Must've fallen asleep in a strange position, blocking a vein or something. At least that's what I suspect for causing a very awkward dream. I'm somewhere random when a couple of aliens appear. Everything about them seems funny. They look like soft toys, their movements are cartoonish and they take everything through love and humour. Or rather, from their perspective, the universe itself isn't very serious. They are not afraid of anything and take things the way they are, or perhaps even less seriously. Just a second after their arrival something is released and I feel my head flowing full of blood. They give me an octopus-like hat that relieves the blood pressure spike in the head.
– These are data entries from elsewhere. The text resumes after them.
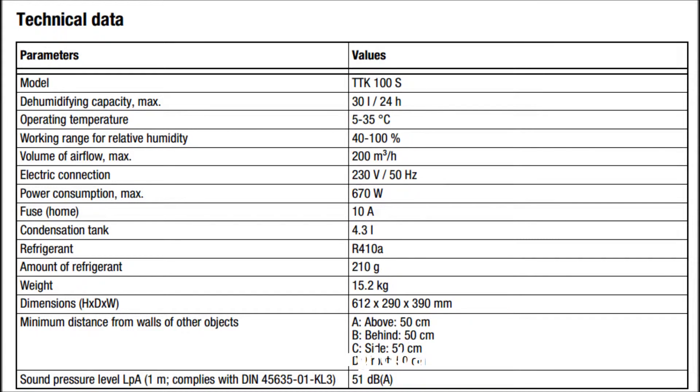The technical data of model TTK100S are: dehumidifying capacity max 30 liters per day, operating temperature 5 to 35 degrees C, working range for relative humidity 49 to 100%, volume of airflow max 200 cubic meters per hour, electric connection 230 volt, power consumption max 670 watts.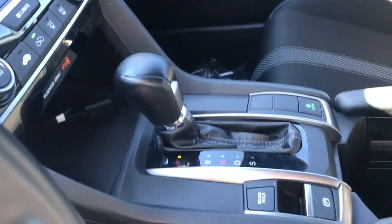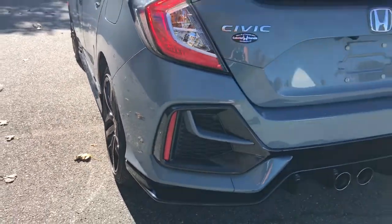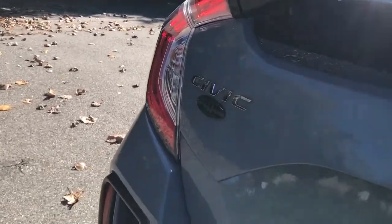Keyless entry, 4-cylinder engine, adaptive cruise control, lane keeping assist, keyless start, backup camera, iPod and MP3 input, fog lamps, electronic stability control, leather wrapped steering wheel.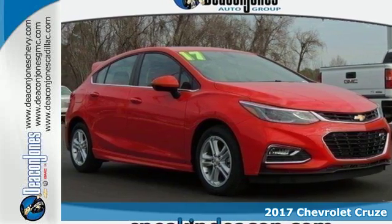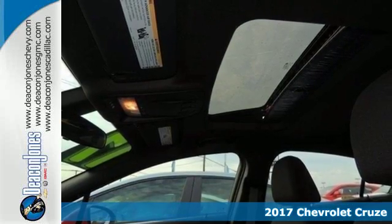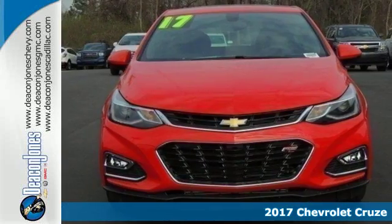Here's a 2017 Chevrolet Cruze. Get to work, get groceries, get out and have some fun. You're always on the move and so is your Cruze.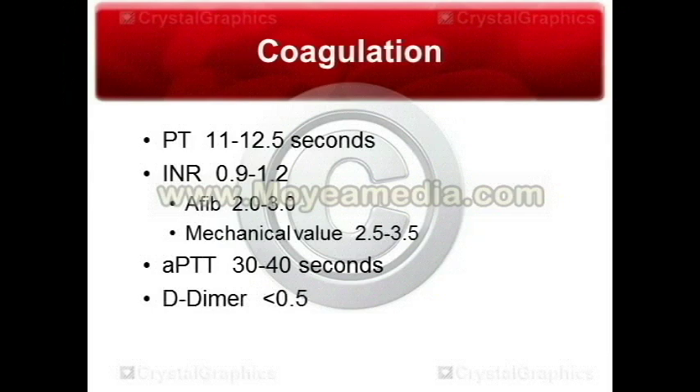The APTT replaced the regular PTT in most hospitals. Your normal will be 30 to 40 seconds. If you're on a heparin drip or heparin infusion after a myocardial infarction or pulmonary embolism, you'll want the PTT elevated — the goal is usually about 1.5 to 2.5 times normal, though this varies from institution to institution with their own algorithms and policies.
They then ask me to come with them. They go upstairs where I spot a sink. I take the octopus hat off and pour it empty into the sink. They ask me to come with them into the other room. The room is dark, can't see much in there. Almost like an attic of some sort. These two funny fellows point at a strange creature in the corner. To me, the creature seems dangerous. However, then I realize that it's no more dangerous than the octopus hat anyway. The funny fellows say something along the lines of "a cow needs personal treatment". Random, eh? Not for me.

At that moment I realized a few things:
  1. In my dreams, the symbol cow = body.
  2. By letting cattle into the pasture and expecting them to do their job is ignorant of their traits, personalities. Now, that's exactly how I've treated this body for most of the time. In fact, that's how most people do it. They don't care about the body for as long as it does its job. And when it no longer does, they run for a doctor to see which screws need to be tightened.
  3. Like any domesticated animals, cows need taming before they can be reliably subjected to man's will. Same holds true for the body. Walking, talking, etiquettes, etc. This has a side-effect, though - it severs the connection between the body and the mind. It makes it very difficult to notice any signals that the body might be sending about its status, needs and desires. A bit sad.
  4. Each body has its own personality and traits. Almost like training a dragon or practising out with a new sword - the master must learn to know their weapon like themselves. Or the other way around.
  5. A lot of what we think are bodily urges or feelings, are constructs of the mind, materialized in the body. The body can be thought of as a live scaffolding on which the mind imprints programs. Perhaps human soul is not native to human body? Perhaps the human body is designed to be hosted by a human soul, designed to have barely any functionality without it?
All in all, body is not a tool. A tool is a well-tamed body. Over-taming and lack of compassion lead to cruelty. Cruelty, not asketicism.